What you need to do =>
Your answer should be the lines of the listing that contain the word "opening".

Exercise data: Begin

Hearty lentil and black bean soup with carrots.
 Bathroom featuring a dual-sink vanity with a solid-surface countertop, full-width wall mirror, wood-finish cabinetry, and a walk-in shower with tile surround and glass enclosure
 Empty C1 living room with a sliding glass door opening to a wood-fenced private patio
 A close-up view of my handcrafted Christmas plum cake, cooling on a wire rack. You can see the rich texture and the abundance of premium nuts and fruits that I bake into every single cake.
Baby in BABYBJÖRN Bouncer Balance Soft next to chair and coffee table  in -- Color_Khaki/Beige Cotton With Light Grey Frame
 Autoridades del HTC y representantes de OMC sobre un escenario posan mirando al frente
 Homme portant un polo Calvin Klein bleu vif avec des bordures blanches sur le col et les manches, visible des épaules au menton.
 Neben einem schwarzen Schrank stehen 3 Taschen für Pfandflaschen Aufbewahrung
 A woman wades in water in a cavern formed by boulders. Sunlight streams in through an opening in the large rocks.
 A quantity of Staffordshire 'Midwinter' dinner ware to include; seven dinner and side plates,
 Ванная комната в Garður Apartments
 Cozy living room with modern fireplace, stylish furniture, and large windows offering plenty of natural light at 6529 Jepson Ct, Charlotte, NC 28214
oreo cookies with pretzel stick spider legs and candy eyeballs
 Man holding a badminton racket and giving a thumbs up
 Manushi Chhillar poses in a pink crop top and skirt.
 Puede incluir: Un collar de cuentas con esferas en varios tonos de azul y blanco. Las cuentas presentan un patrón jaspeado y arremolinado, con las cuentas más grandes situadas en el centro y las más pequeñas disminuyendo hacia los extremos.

Exercise data: End

Response below =>
 Empty C1 living room with a sliding glass door opening to a wood-fenced private patio
 A woman wades in water in a cavern formed by boulders. Sunlight streams in through an opening in the large rocks.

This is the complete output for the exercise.